• [Task instructions]: Copy the records below exactly, from the line containing "犬战比特？ 比特犬大战土狗视频？" through the last line, and leave out every picture.

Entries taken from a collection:
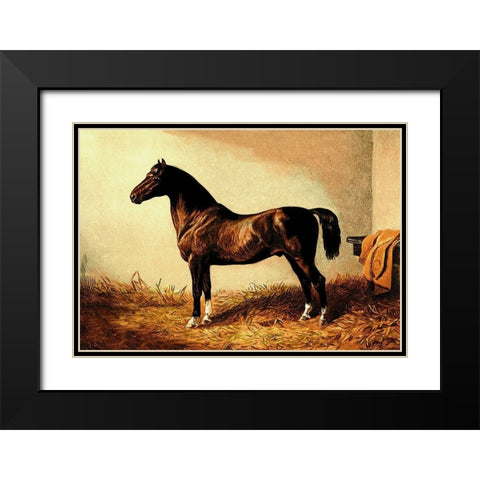 Don Carlos, 1900 Black Modern Wood Framed Art Print with Double Matting by Sidney, Samuel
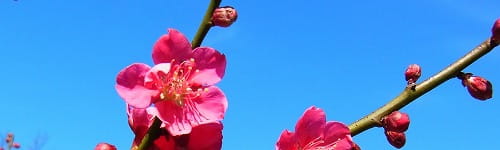 中堅管理職 ~キャリアデザイン研修(1日間)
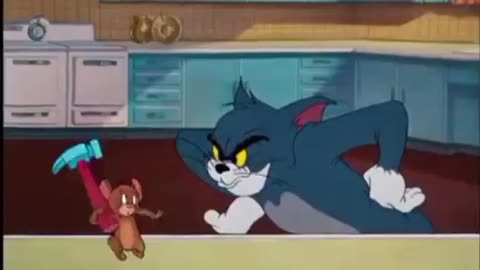 Crazy cartoon Tom and jerry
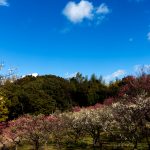 山田池公園 梅林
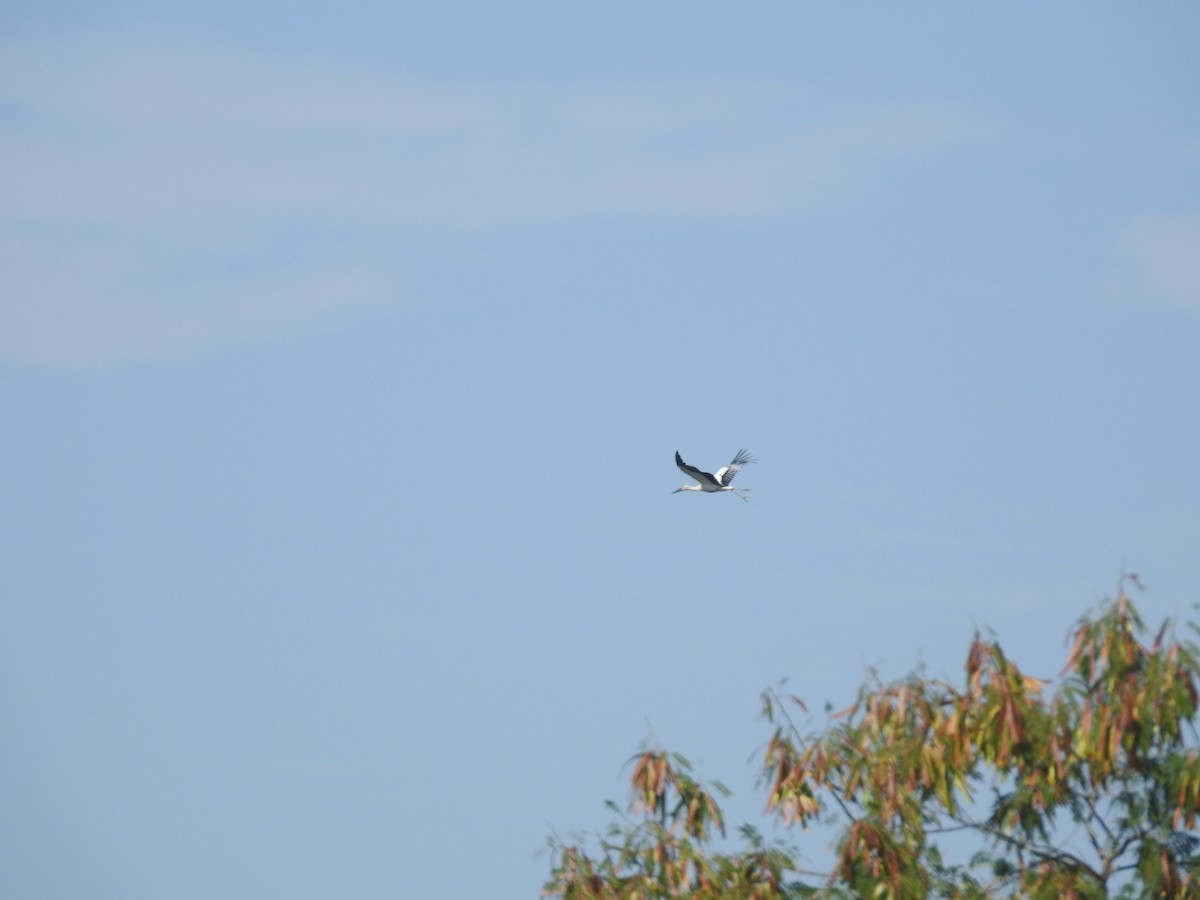 čáp východní - ML646779587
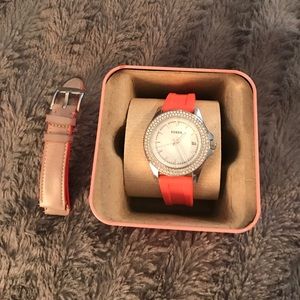 EUC FOSSIL WATCH
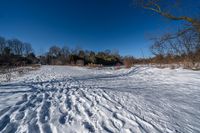 a snow covered field in the winter with shadows of a tree and a few snow on the ground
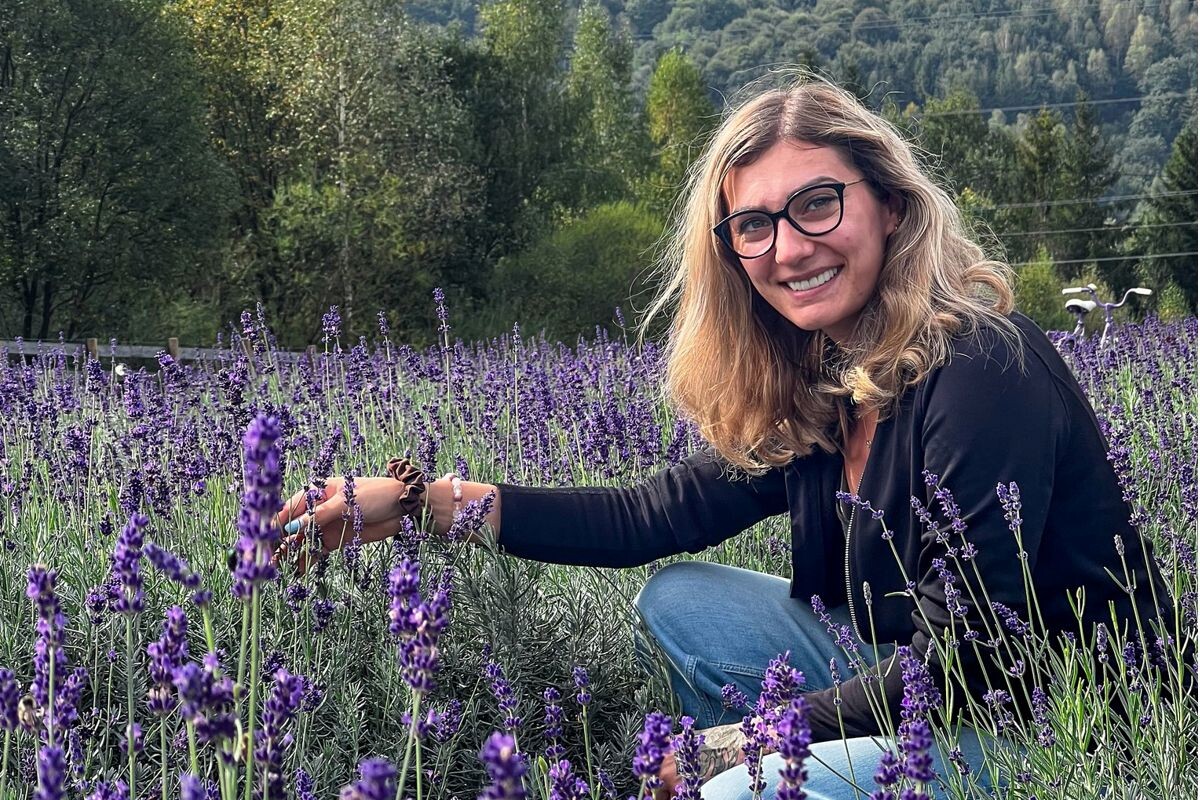 levandula zber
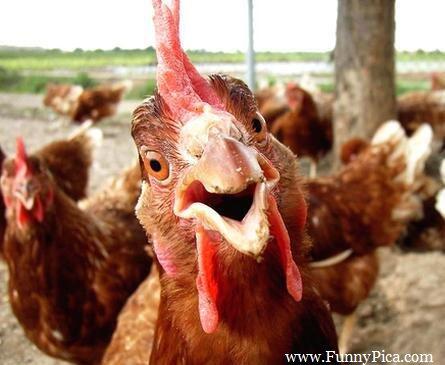 Mengapa Ayam Jantan Suka Berkokok?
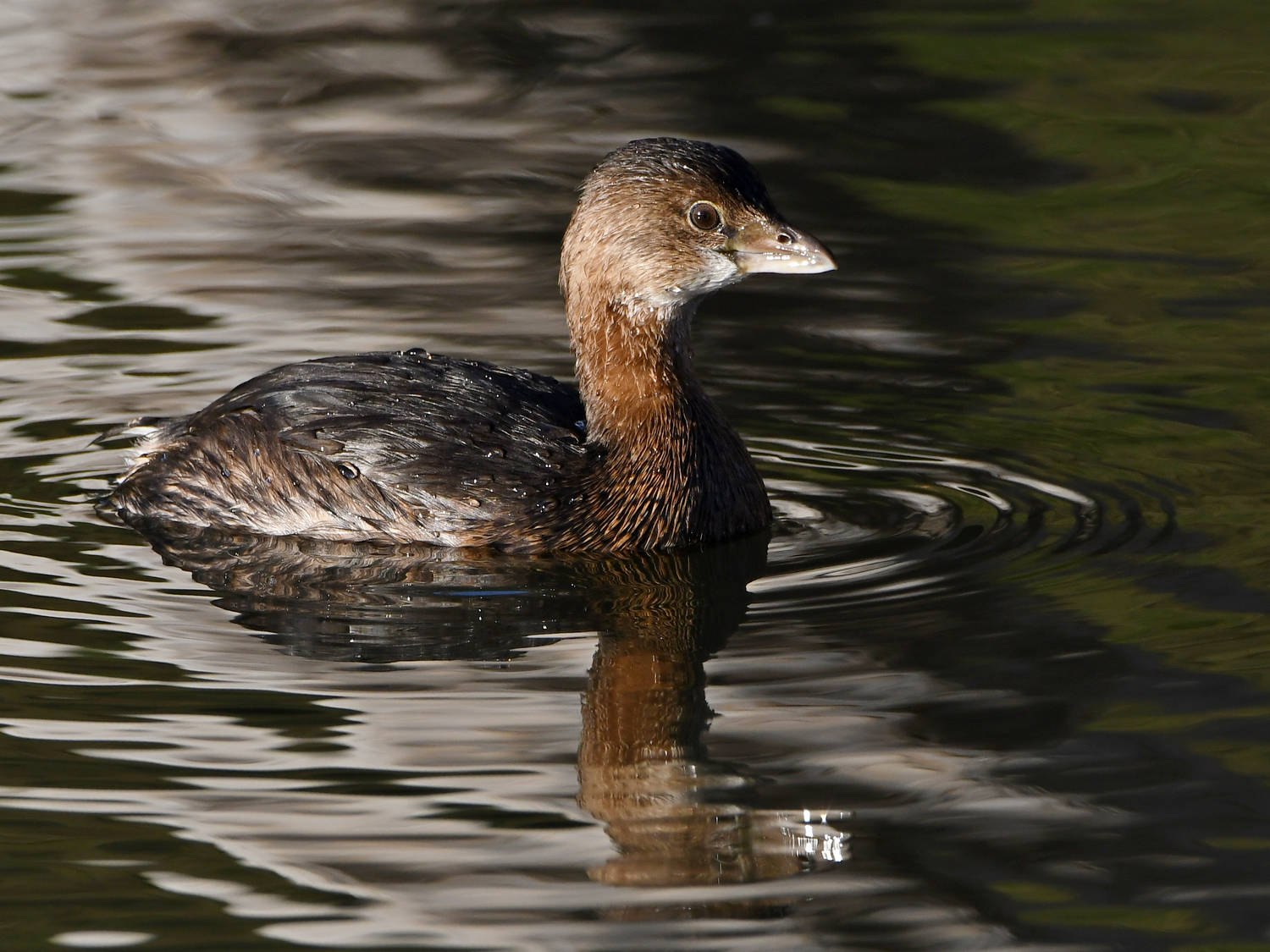 Grebe3.jpg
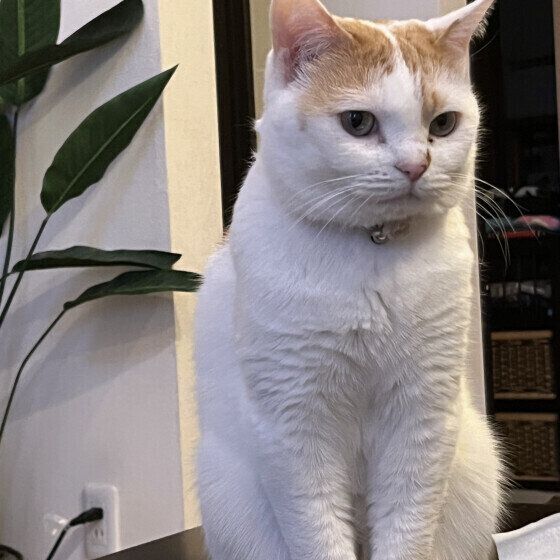 ちょこんと座るキナコちゃん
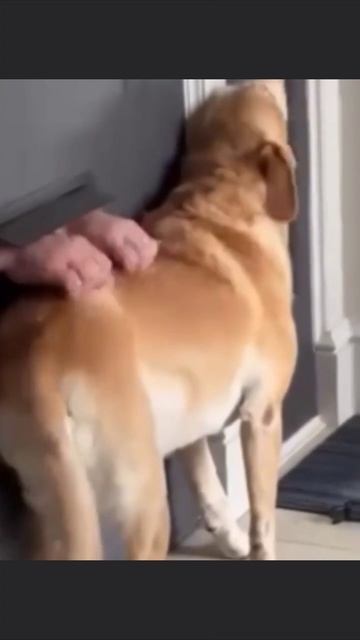 Любимая часть дня для собаки — когда почтальон гладит через щель для почты смотреть онлайн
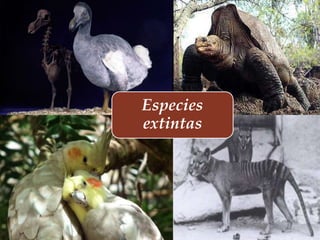 
Especies
extintas
 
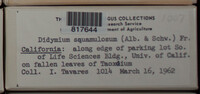Image Associated With the Occurence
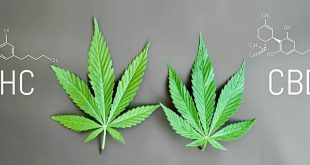 Can Doctors, Nurses Smoke Marijuana? (License FAQ)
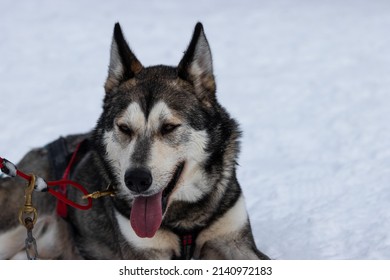 Beautiful Husky Sledge Dog In The Snow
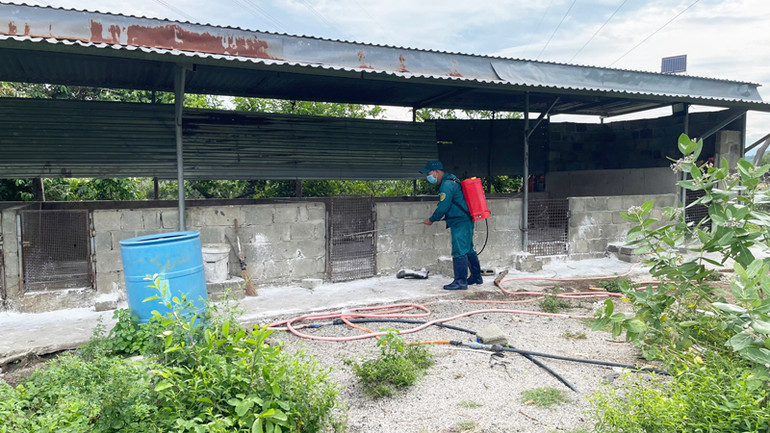 Cán bộ thú y xã Nhơn Sơn, huyện Ninh Sơn (Ninh Thuận) thực hiện tổng vệ sinh, khử trùng tiêu độc 1 lần/ngày trong tuần lễ đầu tiên kể từ khi phát hiện dịch tả lợn châu Phi tại địa phương. (Ảnh: NGUYỄN TRUNG)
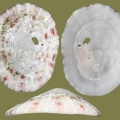 Eoacmaea pustulata -  1. Fund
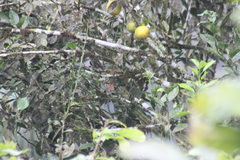 Furnariinae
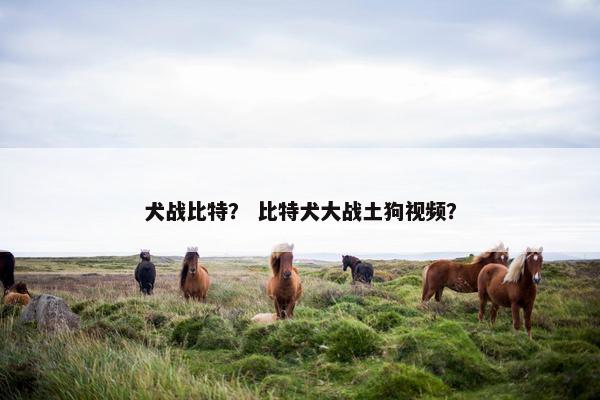 犬战比特？ 比特犬大战土狗视频？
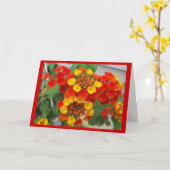 Lantana Kaart (Gele Bloem)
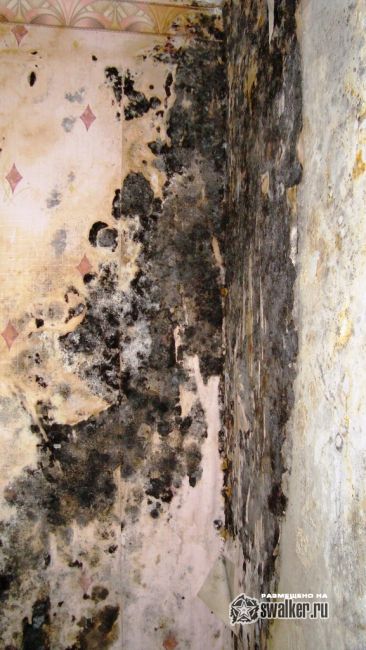 Заброшенный дом, Волгоградская область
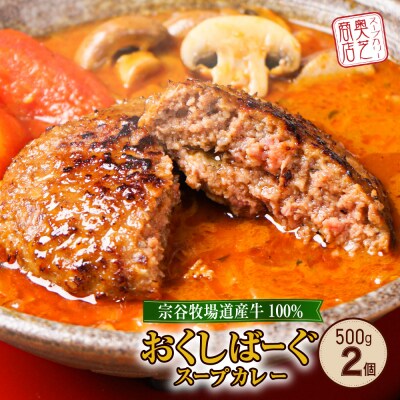 奥芝商店 とろけるチーズとおくしばーぐのスープカレー_hs026-005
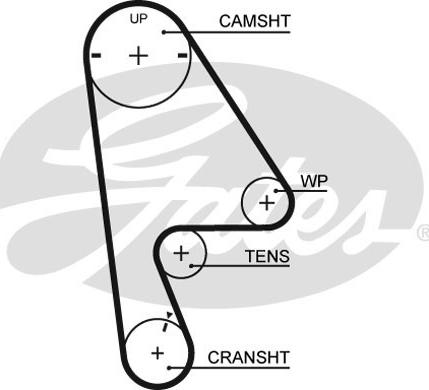 Gates 5409XS - Timing Belt onlydrive.pro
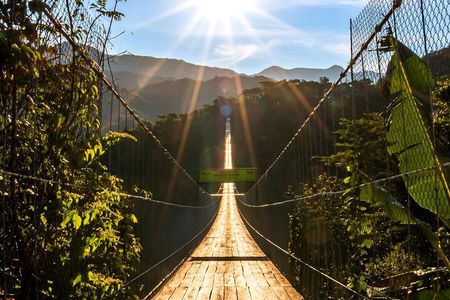 Zip Line, Mules Ride and Walk on the Hanging Bridge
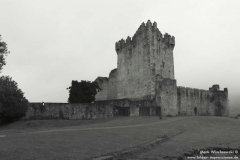 Ross-Castle-01.08.2013_005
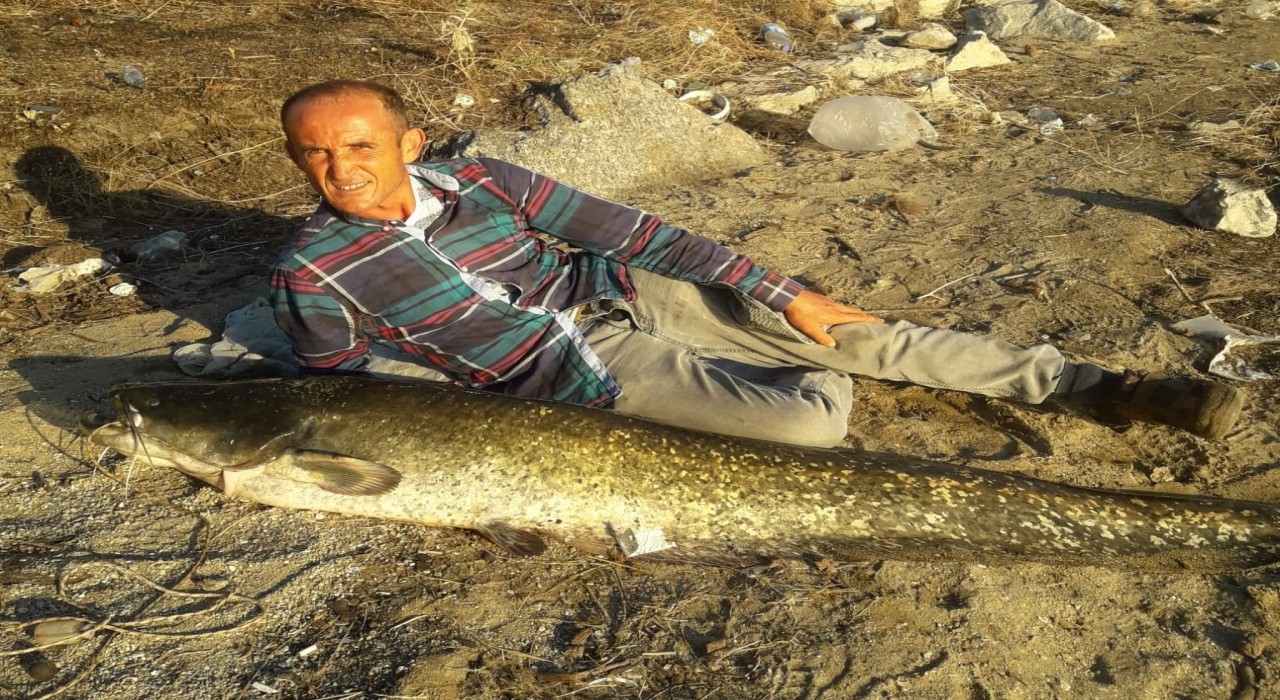 Manisada boyu kadar balık yakaladı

• [Response]:
 犬战比特？ 比特犬大战土狗视频？
 Lantana Kaart (Gele Bloem)
 Заброшенный дом, Волгоградская область
 奥芝商店 とろけるチーズとおくしばーぐのスープカレー_hs026-005
 Gates 5409XS - Timing Belt onlydrive.pro
 Zip Line, Mules Ride and Walk on the Hanging Bridge
 Ross-Castle-01.08.2013_005
 Manisada boyu kadar balık yakaladı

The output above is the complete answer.